▶ Task brief: Transcribe, starting at the line with "Plano de trabajo." and ending at the line with "RECURSO HUMANO", every line of the material below exactly, but leave out the pictures and anything outside that span.

▶ Records shown:
"""

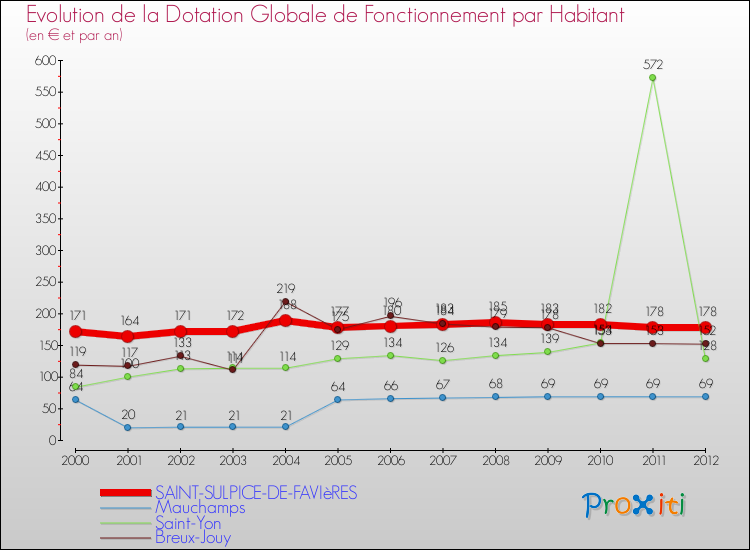 Evolution et montant de la dotation globale de fonctionnement par Habitant pour SAINT-SULPICE-DE-FAVIèRES et les communes proches Comparaison des dotations globales de fonctionnement par habitant pour SAINT-SULPICE-DE-FAVIèRES et les communes voisines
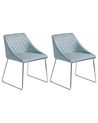 Conjunto de 2 cadeiras em veludo azul claro ARCATA_808587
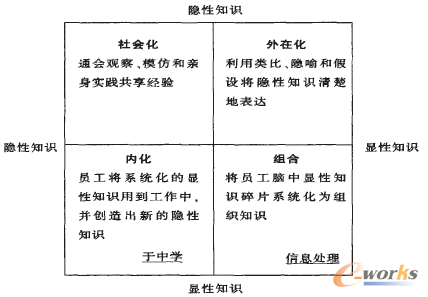 圖2 知識創新模型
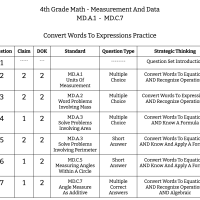 4th Grade Math - Measurement And Data - Convert Words to Expressions Practice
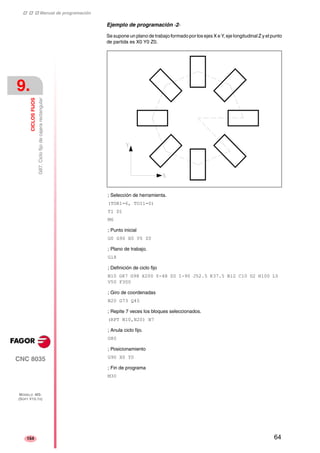‡ ‡ ‡ Manual de programación 
9. 
CICLOS FIJOS 
G87. Ciclo fijo de cajera rectangular 
CNC 8035 
MODELO ·MS· 
(SOFT V15.1X) 
154 
Ejemplo de programación ·2· 
Se supone un plano de trabajo formado por los ejes X e Y, eje longitudinal Z y el punto 
de partida es X0 Y0 Z0. 
; Selección de herramienta. 
(TOR1=6, TOI1=0) 
T1 D1 
M6 
; Punto inicial 
G0 G90 X0 Y0 Z0 
; Plano de trabajo. 
G18 
; Definición de ciclo fijo 
N10 G87 G98 X200 Y-48 Z0 I-90 J52.5 K37.5 B12 C10 D2 H100 L5 
V50 F300 
; Giro de coordenadas 
N20 G73 Q45 
; Repite 7 veces los bloques seleccionados. 
(RPT N10,N20) N7 
; Anula ciclo fijo. 
G80 
; Posicionamiento 
G90 X0 Y0 
; Fin de programa 
M30 
64 
 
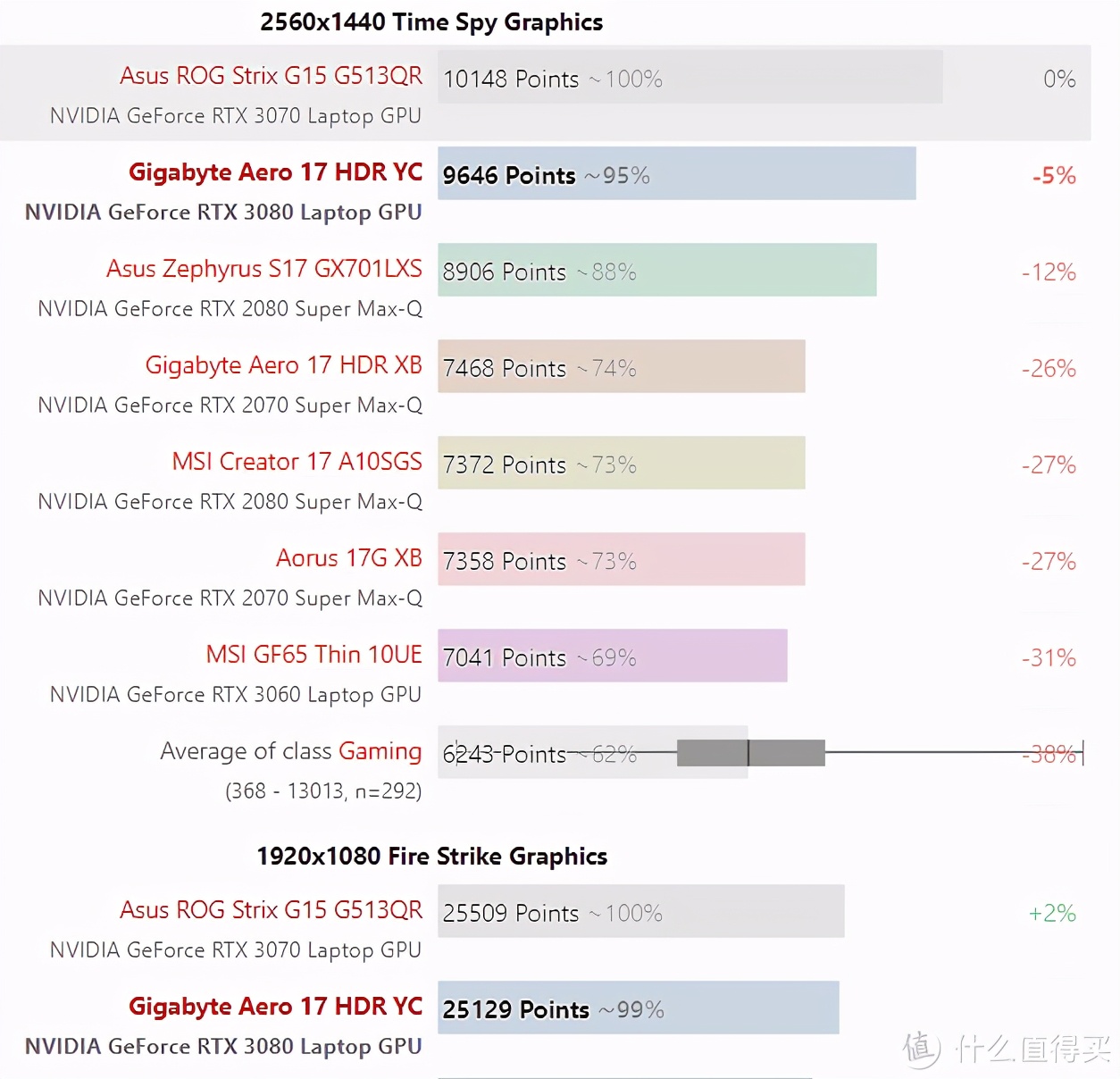 rtx30系列显卡对标什么,rtx30系显卡丐版和旗舰差距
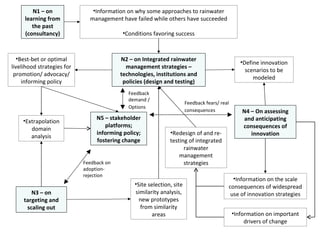 A landscape approach to rainwater management in Ethiopia:  Nile 5 – coordination and platforms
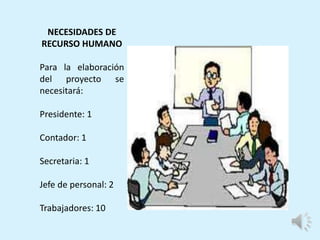 NECESIDADES DE
RECURSO HUMANO
Para la elaboración
del proyecto se
necesitará:
Presidente: 1
Contador: 1
Secretaria: 1
Jefe de personal: 2
Trabajadores: 10
 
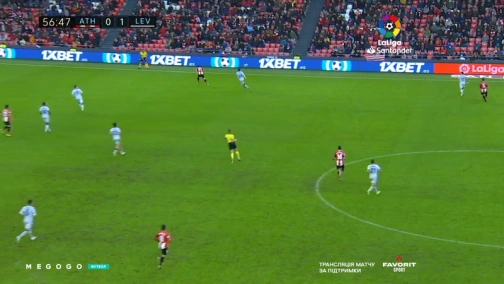 13-й тур. Атлетик — Леванте 2:1. Обзор матча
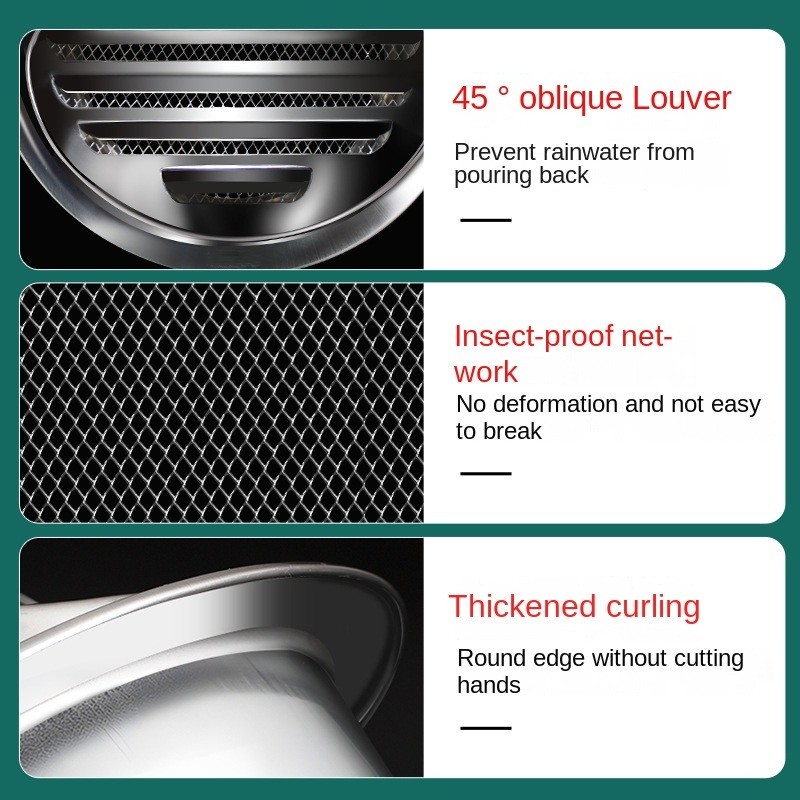 Настенная быстрая вентиляция из нержавеющей стали, водонепроницаемая крышка для вентиляционных отверстий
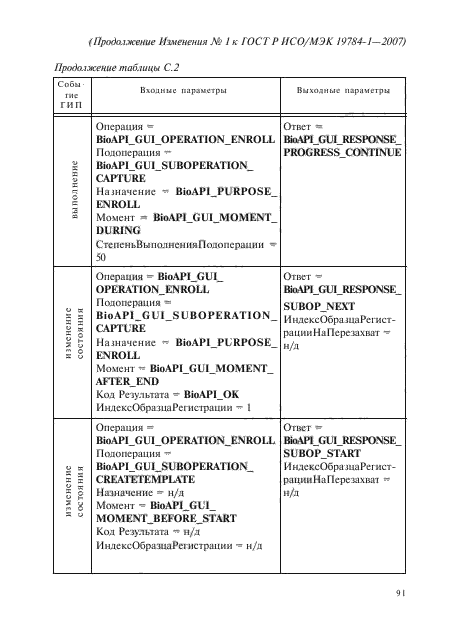 Изменение №1 к ГОСТ Р ИСО/МЭК 19784-1-2007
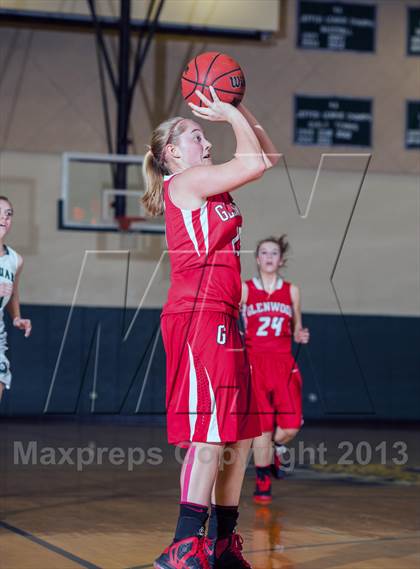 Thumbnail 3 in Glenwood Springs @ D'Evelyn (CHSAA 4A 2nd Round) photogallery.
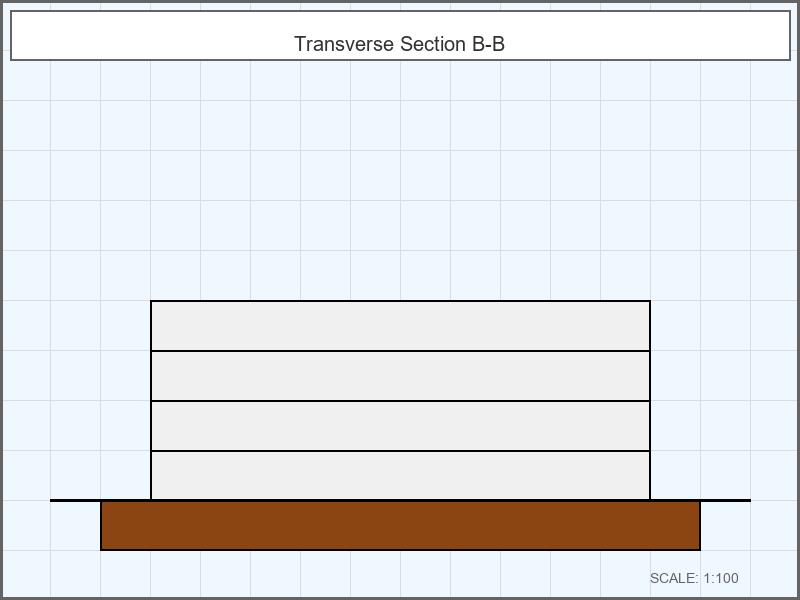 Transverse Section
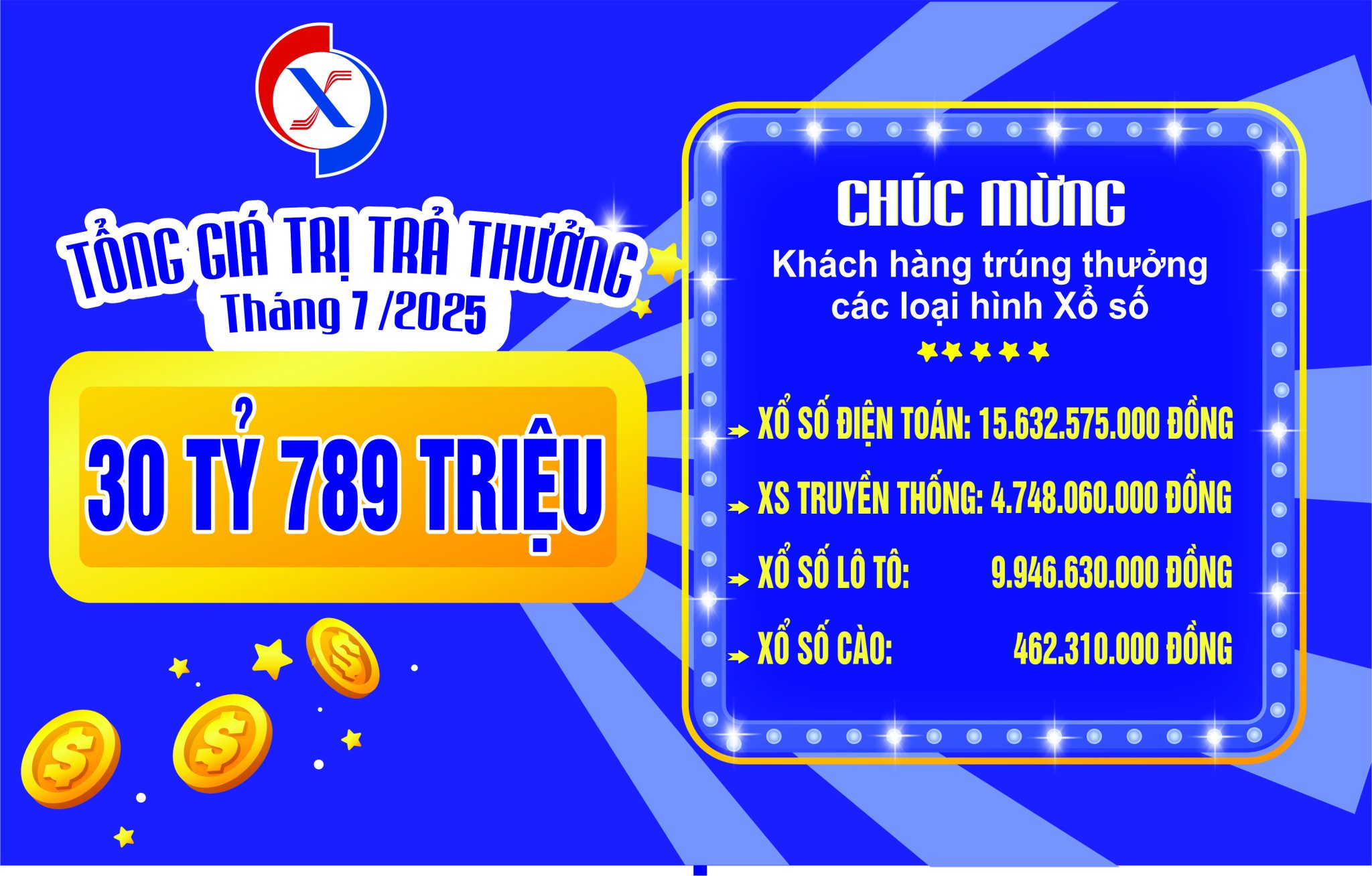 Gần 31 tỷ đồng đã được công ty trả thưởng cho nhiều khách hàng trong tháng 7 năm 2025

"""

▶ Solution to this task:
; Plano de trabajo. 
G18 
; Definición de ciclo fijo 
N10 G87 G98 X200 Y-48 Z0 I-90 J52.5 K37.5 B12 C10 D2 H100 L5 
V50 F300 
; Giro de coordenadas 
N20 G73 Q45 
; Repite 7 veces los bloques seleccionados. 
(RPT N10,N20) N7 
; Anula ciclo fijo. 
G80 
; Posicionamiento 
G90 X0 Y0 
; Fin de programa 
M30 
64 
 
 rtx30系列显卡对标什么,rtx30系显卡丐版和旗舰差距
 A landscape approach to rainwater management in Ethiopia:  Nile 5 – coordination and platforms
 NECESIDADES DE
RECURSO HUMANO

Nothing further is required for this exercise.